*TASK TO CARRY OUT:* Look below for the line with "(b) What will", and from there restate every line word for word until the entries end.

═════ EXERCISE DATA

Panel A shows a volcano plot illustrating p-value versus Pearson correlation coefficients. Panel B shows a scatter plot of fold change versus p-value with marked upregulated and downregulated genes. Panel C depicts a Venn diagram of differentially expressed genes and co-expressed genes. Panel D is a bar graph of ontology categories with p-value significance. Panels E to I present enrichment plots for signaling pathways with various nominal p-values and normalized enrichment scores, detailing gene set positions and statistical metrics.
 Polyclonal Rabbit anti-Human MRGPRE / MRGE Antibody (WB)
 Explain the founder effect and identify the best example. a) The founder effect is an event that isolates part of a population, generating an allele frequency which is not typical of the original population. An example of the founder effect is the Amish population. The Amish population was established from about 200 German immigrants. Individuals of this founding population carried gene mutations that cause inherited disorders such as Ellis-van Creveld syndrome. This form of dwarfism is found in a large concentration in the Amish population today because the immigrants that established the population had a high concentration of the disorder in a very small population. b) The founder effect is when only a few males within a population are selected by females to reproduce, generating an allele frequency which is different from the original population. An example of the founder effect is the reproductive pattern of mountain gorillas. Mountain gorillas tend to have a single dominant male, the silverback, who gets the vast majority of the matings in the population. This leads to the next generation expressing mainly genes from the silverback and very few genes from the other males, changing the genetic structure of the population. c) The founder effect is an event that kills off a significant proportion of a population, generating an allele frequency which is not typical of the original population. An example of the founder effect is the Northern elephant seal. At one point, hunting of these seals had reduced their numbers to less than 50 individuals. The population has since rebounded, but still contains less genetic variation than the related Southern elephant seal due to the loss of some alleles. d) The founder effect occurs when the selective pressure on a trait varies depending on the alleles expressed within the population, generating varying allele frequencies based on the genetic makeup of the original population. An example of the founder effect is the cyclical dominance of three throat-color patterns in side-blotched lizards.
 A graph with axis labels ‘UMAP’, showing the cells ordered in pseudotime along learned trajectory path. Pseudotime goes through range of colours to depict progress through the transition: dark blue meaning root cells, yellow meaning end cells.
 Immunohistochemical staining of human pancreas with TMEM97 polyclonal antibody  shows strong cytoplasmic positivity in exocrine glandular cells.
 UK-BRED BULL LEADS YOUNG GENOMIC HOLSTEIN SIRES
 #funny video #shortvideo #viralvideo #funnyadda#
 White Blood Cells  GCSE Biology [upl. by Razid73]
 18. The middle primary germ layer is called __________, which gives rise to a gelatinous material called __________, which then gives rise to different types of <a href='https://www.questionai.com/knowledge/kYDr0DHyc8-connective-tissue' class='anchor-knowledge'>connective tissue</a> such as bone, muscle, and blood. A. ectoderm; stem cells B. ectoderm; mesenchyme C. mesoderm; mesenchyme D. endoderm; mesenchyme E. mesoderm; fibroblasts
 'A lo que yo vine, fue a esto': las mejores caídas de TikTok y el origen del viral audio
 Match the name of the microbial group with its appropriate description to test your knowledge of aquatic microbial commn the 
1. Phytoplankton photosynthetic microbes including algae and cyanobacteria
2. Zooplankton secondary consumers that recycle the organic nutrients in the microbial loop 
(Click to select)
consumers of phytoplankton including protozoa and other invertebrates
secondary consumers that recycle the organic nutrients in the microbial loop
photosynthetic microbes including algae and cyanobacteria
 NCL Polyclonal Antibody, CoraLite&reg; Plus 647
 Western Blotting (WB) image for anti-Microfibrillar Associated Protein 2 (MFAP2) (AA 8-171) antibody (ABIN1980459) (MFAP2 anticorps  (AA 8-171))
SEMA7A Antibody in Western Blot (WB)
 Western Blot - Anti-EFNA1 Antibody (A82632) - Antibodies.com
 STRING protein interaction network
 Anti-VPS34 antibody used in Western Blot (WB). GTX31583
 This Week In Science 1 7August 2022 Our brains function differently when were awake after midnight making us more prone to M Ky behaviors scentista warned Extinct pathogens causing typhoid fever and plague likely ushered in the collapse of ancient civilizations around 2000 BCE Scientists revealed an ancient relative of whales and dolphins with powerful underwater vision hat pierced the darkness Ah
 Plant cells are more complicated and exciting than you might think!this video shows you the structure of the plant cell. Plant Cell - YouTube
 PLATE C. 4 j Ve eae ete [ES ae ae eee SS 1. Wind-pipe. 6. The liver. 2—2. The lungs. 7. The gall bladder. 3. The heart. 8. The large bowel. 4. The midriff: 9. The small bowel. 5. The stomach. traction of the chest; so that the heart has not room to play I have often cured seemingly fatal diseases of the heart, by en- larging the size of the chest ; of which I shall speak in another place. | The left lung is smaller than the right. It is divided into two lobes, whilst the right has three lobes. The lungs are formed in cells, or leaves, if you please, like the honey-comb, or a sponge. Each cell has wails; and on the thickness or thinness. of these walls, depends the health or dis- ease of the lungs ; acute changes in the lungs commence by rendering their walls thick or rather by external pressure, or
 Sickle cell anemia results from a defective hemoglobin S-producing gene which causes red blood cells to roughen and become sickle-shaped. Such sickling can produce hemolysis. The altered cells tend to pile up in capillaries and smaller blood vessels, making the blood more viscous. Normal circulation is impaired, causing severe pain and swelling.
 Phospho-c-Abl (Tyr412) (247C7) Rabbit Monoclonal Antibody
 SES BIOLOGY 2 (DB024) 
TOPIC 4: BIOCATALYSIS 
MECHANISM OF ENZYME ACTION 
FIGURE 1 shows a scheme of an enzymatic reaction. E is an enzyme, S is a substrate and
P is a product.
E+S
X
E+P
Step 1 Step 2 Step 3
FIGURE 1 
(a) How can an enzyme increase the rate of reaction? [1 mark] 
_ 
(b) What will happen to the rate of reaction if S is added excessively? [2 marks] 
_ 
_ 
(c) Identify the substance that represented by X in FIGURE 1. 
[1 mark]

══════════

*SOLVED EXERCISE:*
(b) What will happen to the rate of reaction if S is added excessively? [2 marks] 
_ 
_ 
(c) Identify the substance that represented by X in FIGURE 1. 
[1 mark]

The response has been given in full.